Si presti attenzione al richiamo ai "posti lontanissimi" e alle "necessità pastorali", perché la questione è riemersa negli ultimi mesi a proposito del sinodo dedicato all'Amazzonia. Così vicina alle brame degli uomini, così lontana per le esigenze dello Spirito. Sembra fatta apposta per bruciare a causa delle prime e suscitare passioni altrettanto roventi riguardo al secondo. Il sinodo, nella sua fase di preparazione, scrisse con toni diplomatici: "Affermando che il celibato è un dono per la Chiesa, si chiede che, per le zone più remote della regione, si studi la possibilità di ordinazione sacerdotale di anziani, preferibilmente indigeni, rispettati e accettati dalla loro comunità, sebbene possano avere già una famiglia costituita e stabile, al fine di assicurare i Sacramenti che accompagnano e sostengono la vita cristiana".
E poi, alla fine dei lavori, concluse: "Proponiamo di stabilire criteri e disposizioni da parte dell'autorità competente di ordinare sacerdoti uomini adatti e riconosciuti della comunità, che abbiano un proficuo diaconato permanente e ricevano una formazione adeguata per il presbiterato, potendo avere una famiglia legalmente costituita e stabile da sostenere la vita della comunità cristiana attraverso la predicazione della Parola e la celebrazione dei Sacramenti nelle aree piu' remote della regione amazzonica".
La traduzione potrebbe essere questa: negli angoli più remoti si accettino figure straordinarie per permettere agli ultimi della Terra il sollievo della Parola di Dio, e dell'Eucarestia. Ora, il problema è che qualcuno teme la creazione del precedente, e che una crepa si apra. Ragion per cui quando Benedetto XVI scrive in un libro quel che è stato anticipato ieri da Le Figaro, in tanti si è pronti a parlare di una sorta di dicotomia rispetto al successore.
La frase agostiniana "Non posso restare in silenzio" suona troppo bene per non essere piegata allo scopo. Stamane il sito ultraconservatore Lifesite ci apre l'homepage con gran risalto.
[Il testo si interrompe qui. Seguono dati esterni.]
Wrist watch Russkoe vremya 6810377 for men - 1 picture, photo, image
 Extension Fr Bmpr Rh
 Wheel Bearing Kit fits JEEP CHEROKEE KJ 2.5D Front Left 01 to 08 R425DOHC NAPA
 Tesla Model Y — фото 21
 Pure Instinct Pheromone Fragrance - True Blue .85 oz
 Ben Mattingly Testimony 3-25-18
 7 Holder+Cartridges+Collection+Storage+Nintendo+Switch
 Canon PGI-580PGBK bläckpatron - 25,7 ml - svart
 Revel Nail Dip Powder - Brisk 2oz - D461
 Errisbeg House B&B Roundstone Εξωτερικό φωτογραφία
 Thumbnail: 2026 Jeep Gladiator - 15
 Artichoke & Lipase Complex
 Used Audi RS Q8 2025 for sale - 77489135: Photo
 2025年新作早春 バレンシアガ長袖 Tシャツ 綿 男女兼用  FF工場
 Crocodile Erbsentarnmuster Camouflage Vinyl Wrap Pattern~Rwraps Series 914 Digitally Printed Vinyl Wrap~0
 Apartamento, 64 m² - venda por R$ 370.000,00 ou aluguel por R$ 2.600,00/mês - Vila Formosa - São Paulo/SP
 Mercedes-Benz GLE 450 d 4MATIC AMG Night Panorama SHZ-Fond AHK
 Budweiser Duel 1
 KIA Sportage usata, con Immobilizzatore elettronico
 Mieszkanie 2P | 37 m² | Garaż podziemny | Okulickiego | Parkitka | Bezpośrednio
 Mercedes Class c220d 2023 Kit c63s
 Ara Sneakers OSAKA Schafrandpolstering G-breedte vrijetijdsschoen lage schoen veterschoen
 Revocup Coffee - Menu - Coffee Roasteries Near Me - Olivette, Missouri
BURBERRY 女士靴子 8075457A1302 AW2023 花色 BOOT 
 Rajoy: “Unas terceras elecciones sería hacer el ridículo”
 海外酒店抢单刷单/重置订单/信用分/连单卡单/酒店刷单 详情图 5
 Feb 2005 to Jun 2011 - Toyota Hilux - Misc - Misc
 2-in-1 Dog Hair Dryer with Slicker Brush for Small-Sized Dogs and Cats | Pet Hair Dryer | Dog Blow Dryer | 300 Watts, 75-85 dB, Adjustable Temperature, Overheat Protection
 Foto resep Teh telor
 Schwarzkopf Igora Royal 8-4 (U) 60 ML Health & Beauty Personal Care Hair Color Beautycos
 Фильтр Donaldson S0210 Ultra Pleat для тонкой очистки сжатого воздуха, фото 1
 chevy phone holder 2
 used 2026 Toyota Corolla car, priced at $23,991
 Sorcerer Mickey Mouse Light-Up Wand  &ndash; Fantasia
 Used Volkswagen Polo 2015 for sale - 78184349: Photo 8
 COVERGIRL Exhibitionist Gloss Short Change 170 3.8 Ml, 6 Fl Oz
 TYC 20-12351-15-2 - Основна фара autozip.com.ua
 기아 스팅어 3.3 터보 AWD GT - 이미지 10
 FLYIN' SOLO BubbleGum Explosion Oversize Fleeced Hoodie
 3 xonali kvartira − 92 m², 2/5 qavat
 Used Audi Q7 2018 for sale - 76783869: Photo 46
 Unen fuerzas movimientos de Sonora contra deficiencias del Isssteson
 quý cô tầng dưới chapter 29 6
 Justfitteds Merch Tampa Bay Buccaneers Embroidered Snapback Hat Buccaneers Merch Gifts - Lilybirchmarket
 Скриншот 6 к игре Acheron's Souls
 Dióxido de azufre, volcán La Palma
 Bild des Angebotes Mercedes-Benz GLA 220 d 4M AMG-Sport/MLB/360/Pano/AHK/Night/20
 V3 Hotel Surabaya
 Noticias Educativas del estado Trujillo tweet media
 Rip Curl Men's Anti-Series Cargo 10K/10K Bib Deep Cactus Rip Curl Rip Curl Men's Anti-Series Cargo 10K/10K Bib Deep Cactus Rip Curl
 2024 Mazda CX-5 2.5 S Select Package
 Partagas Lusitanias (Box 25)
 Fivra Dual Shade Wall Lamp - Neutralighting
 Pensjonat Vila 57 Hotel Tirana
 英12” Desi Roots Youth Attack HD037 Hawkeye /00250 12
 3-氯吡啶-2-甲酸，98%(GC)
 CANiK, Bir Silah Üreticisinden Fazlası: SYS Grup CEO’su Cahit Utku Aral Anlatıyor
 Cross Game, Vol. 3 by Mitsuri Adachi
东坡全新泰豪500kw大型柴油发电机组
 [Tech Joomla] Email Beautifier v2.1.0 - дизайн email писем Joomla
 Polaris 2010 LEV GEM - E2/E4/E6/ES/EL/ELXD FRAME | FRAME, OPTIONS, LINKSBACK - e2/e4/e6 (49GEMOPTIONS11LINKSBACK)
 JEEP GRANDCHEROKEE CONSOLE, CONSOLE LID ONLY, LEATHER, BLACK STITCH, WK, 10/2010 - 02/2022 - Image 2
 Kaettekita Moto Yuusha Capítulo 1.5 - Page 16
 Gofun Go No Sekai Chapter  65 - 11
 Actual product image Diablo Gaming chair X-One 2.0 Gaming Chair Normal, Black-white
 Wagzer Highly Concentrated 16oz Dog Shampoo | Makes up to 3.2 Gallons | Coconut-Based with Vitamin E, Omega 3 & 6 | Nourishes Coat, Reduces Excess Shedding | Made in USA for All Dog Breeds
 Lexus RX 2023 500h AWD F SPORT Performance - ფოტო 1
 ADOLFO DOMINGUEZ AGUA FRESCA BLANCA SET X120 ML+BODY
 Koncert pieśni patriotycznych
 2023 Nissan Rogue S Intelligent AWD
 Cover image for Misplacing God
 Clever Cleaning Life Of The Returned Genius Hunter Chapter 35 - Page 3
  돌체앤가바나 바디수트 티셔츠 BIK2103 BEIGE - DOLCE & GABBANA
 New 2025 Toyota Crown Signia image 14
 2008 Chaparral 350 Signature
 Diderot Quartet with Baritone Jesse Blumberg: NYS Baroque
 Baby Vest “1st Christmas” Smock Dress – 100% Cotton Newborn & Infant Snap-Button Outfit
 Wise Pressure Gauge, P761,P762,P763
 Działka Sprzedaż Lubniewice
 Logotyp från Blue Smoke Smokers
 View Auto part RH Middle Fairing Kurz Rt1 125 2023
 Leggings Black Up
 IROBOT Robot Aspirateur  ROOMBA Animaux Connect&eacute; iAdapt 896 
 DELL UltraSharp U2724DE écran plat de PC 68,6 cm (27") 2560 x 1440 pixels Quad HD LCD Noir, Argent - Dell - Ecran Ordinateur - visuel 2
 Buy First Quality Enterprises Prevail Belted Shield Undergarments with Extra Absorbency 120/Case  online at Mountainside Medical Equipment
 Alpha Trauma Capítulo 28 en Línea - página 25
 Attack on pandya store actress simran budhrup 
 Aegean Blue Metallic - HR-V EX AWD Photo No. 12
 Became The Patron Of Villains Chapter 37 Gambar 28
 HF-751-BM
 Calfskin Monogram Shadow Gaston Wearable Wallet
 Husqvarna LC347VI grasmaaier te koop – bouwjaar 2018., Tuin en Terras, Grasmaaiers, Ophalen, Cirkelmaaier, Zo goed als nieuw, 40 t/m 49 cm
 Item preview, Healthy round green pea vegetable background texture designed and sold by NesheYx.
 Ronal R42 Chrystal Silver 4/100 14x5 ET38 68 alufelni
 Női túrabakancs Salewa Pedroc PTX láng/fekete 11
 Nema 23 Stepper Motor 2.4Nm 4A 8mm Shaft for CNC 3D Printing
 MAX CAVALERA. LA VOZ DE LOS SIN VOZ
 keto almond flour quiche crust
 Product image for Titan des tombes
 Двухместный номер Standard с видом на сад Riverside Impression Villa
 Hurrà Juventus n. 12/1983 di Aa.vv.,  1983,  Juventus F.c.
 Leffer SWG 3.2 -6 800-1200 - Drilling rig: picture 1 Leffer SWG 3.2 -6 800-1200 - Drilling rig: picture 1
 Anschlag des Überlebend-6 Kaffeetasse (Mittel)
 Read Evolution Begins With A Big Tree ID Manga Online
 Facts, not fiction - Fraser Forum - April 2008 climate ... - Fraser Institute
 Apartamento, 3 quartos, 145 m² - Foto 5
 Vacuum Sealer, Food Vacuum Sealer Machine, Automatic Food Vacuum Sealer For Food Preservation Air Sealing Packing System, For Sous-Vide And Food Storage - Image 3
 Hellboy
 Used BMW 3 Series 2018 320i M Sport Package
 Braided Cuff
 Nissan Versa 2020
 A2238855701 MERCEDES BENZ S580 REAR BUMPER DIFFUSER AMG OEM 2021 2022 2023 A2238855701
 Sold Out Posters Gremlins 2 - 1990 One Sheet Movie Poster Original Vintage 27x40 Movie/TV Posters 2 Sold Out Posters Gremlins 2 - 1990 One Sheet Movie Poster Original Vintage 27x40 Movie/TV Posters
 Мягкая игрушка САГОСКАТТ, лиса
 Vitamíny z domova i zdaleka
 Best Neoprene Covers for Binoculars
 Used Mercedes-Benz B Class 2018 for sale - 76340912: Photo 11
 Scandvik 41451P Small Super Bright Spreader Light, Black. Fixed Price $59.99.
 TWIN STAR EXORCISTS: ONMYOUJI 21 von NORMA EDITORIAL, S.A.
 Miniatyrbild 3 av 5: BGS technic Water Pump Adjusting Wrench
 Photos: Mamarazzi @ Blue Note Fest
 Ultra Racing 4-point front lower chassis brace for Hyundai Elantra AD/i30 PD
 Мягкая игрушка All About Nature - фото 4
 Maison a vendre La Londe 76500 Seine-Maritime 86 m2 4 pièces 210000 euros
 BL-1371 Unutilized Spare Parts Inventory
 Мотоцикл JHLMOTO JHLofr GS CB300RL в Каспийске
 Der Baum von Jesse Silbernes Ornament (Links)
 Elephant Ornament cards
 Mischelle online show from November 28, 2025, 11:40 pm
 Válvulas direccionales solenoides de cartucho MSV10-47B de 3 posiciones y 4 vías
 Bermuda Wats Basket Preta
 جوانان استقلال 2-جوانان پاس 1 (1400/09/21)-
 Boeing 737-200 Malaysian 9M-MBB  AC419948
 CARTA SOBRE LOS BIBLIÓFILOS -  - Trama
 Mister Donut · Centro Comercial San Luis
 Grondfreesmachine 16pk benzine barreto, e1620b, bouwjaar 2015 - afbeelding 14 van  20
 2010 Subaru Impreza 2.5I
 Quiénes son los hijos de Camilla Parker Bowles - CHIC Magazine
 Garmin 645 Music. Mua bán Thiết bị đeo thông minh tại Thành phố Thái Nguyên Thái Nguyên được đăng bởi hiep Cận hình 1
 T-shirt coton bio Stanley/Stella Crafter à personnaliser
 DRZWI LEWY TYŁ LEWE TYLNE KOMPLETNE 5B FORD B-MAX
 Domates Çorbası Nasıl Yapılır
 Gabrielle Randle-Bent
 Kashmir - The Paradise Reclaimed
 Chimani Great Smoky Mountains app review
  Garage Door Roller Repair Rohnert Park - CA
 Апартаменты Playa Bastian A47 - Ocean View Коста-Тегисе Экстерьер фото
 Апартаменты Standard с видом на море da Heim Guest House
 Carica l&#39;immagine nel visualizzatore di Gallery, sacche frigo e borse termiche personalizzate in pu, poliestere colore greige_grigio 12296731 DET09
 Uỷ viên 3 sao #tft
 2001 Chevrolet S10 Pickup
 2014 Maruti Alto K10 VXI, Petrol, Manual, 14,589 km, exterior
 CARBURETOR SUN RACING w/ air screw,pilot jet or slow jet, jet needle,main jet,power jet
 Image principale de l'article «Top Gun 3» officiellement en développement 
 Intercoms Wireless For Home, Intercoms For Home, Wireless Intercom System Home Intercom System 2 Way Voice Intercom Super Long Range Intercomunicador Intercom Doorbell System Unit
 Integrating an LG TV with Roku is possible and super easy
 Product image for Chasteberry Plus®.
Tanto più che a giorni, settimane ma non più di qualche mese lo stesso Bergoglio tirerà le somme degli esiti del Sinodo amazzonico, e farà sapere la sua. E sarà parola di Papa. Forse anche per questo, oltre che per una lettura lontana dalle tifoserie dei documenti e delle riflessioni di Ratzinger, non si stupirà chi tende a vedere fin da adesso non separazione, ma continuità tra un pontefice che parla di casi estremi ed il suo predecessore che difende il principio generale.
E che insieme si sono guardati la finale del Campionato del Mondo di Brasile, il principale dei Paesi amazzonici, con davanti una pizza. Sia chiaro: quest'ultimo episodio è pura fiction: lo si trova solo nel film "I due Papi", di Fernando Meirelles, e prodotto dall'immancabile Netflix. Ma si badi bene che oltre Porta Sant'Anna la produzione pare non sia dispiaciuta, se anche l'agenzia cattolica Sir, in fondo in fondo, a dicembre la consigliava come film di Natale.